Dáil debates

Tuesday, 5 July 2016

Banded Hours Contract Bill 2016: Second Stage [Private Members]

 

10:25 pm

Photo of Bríd SmithBríd Smith (Dublin South Central, People Before Profit Alliance) | Oireachtas source

We welcome the Bill and support it as a first step in addressing the imbalance in worker-employer rights. We note Unite's recent report on low wages and precarious work, and Mandate's report that found that 17% of people who live below the poverty line work precarious jobs with so-called zero-hour contracts. We had a discussion earlier under Topical Issues on the Social Justice Ireland report. The top 1% has seen its wealth and influence grow massively. The flipside to what has happened there is that thousands of workers are left without secure, pensionable jobs with a living wage. Many in this House would argue against the rights of workers to secure a pensionable job as being uncompetitive and jeopardising growth in the economy.
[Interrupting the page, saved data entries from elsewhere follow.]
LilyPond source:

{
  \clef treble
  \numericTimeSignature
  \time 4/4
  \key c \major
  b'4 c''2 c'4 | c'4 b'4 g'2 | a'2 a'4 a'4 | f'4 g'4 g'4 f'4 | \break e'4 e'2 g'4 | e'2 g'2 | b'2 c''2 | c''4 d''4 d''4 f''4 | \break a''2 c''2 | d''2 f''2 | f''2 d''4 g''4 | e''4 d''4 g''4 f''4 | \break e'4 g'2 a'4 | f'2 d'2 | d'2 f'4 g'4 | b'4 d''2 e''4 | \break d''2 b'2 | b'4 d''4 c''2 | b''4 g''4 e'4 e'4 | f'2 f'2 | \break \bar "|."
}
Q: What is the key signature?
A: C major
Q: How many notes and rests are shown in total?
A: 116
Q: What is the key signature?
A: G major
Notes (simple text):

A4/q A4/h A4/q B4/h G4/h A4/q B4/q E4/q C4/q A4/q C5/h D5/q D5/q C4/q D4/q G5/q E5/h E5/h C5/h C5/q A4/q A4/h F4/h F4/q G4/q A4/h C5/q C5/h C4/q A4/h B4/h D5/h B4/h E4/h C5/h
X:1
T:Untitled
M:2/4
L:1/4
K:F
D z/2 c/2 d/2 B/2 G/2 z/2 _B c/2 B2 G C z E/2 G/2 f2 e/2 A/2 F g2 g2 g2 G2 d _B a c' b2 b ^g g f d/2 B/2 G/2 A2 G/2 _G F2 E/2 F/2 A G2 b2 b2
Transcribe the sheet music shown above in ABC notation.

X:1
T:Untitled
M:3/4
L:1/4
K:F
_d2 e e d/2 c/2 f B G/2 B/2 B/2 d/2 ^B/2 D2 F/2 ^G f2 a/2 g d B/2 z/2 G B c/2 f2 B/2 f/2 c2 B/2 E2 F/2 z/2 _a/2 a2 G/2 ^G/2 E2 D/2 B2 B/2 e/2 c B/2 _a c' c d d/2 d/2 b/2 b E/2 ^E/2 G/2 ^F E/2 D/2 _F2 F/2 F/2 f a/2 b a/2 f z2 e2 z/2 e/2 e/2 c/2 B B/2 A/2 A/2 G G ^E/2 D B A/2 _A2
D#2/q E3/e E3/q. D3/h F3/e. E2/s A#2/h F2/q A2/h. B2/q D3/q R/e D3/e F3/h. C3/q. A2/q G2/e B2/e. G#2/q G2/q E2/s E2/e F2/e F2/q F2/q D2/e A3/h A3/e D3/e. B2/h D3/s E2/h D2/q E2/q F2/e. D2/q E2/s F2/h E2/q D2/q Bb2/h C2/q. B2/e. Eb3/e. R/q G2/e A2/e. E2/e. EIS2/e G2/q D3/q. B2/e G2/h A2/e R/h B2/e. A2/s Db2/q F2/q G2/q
There is a myth that flexible contracts for both the employer and the employee when they enter into an agreement freely is in the interest of both: the reality is very different. The benefit is overwhelmingly for the employer. Workers cannot refuse the contracts for fear that, if they turn them down, it will result in them being victimised and having work withdrawn from them. We are back to the days when Larkin had to organise dockers against a system where foremen could pick and choose the dockers they wanted and the hours they wanted.

The University of Limerick report by Esther Lynch has been referred to a number of times. She acknowledges in the report that it is hard to find figures for Ireland, but reports done recently for Britain strongly suggest that most people on these contracts are women, are young or are over 65 years of age. Interestingly, it also finds that those guilty of using these types of contracts are not the SMEs and smaller businesses, but the multinationals and the very big employers and the likes of Domino's Pizza, Dunnes Stores, Deliveroo, call centres and contract cleaners. Very big employers use these types of contracts.

I have lots more to say that I will not get time for, but I reserve my last comments for Fianna Fáil. I cannot get over the suspenders that make up Fianna Fáil. I made a list of the things they have suspended in the last couple of weeks: water, bins, repeal the eight amendment, the NAMA investigation, education equality and now banded hours. I am probably leaving a couple out and there is probably more to come. The attempt by Fianna Fáil to suspend this for discussion for a year is quite disgusting, while at the same time pretending they give a damn about workers' rights. We welcome the Bill and would like to see it go through Committee Stage so we can table amendments, such as ones that would force employers to pay proper overtime rates, limit the period a worker can be called in to work on such contracts to four hours, limit the length of time a worker can be put on such contracts and limit the proportion of a workforce that can be put on such contracts. Ultimately, we believe the greatest measure to stop this abuse is trade union organisation and the free and legal right for unions to organise in workplaces, enter workplaces and speak directly to and directly organise their members. That is what will really undermine these types of contracts, not the scare tactics of the type of employer we have to endure, or the obfuscation of Fianna Fáil. Its amendment is disgraceful.